Topmost Keyword in Scopus and WoS

Bibliometric data tools facilitate users to identify pertinent keywords. Figure 4 explains the topmost keywords used by the authors in both repositories. The graph is constructed based on similar keywords that were used in both databases. Industry 4.0 word was the most popular word used by most authors. Smart Factory and Smart Manufacturing were the second and third most popular keywords used, respectively.

Many authors are also using keywords such as Intelligent Manufacturing, Cyber-Physical System, and Big Data. Some authors prefer to use IoT and some prefer to spell it in full as Internet of Thing as their keyword. Machine learning and digital twin were the least used keywords used in both the repositories. However, these keywords are expected to gain more popularity in the future.

Smart Manufacturing: The Trend Outlook of Smart Manufacturing in the Era of Industrial 4.0

This section discusses Smart Manufacturing's outlook by expounding the core concepts and the pillars of smart manufacturing, which is also termed as Industrial 4.0. In many cases, the background, idea, concept and shifting trends of smart manufacturing are derived from the topmost influential papers, which top the list from both repertories. This section also discusses the rationale and technologies deliberated by prominent scholars in Smart Manufacturing.

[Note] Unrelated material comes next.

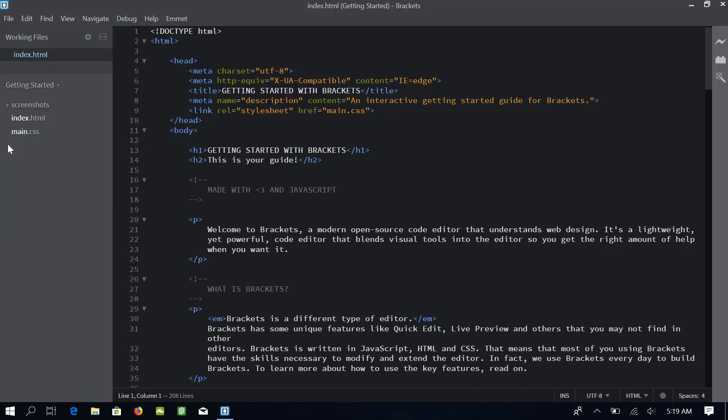This will enable Autosave and by default our changes will be saved after every 400 milliseconds which is smaller than half a second and I think it is perfect for me. You can change the default timings if you want to, but for this course I will keep it as default. That's all for this lecture. See you in next lesson.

Overview of Smart Manufacturing

In the near future, it is expected that the production will no longer rely on batch order (Lasi, Fettke, Kemper & Feld, 2014). A smarter alternative is crucial to meet customer-driven batch sizes while maintaining the economies of mass production. Such disruptive developments are quite common now. Smart solutions, innovative technologies, the internet, and cloud are believed to promote digitalization and automation with sensor-enabled technology as a driving force. These technology enablers foster the product development time as well as promotes customization and flexibility.

A smart factory comprises integrated systems from various components inside a factory that help the entire factory system be more flexible and reconfigurable (Wang, Wan, Zhang, et al., 2016). Wang, et al., (2016a) discussed the framework that incorporates and associates the industrial network, cloud, and supervisory control terminals with smart shop floor objects that lead to the autonomous decision-making process. This was solely to design a smarter factory system that gives high efficiency. Such an intelligent self -organized multi-agent system cannot be realized without cloud services, big data analysis, and network. Kang, et al., (2016b); Zhou, Liu & Zhou (2016) have insight into the past, present and future direction of smart manufacturing. Being the second highest cited paper in Scopus, Kang, et al., (2016b) argue that cutting-edge ICT technologies are enablers and drivers for the fourth revolution in the manufacturing industry. In this paper, the core concept of smart manufacturing in the era of industrial revolution 4.0 from several developed countries like Germany, USA, and South Korea was discussed.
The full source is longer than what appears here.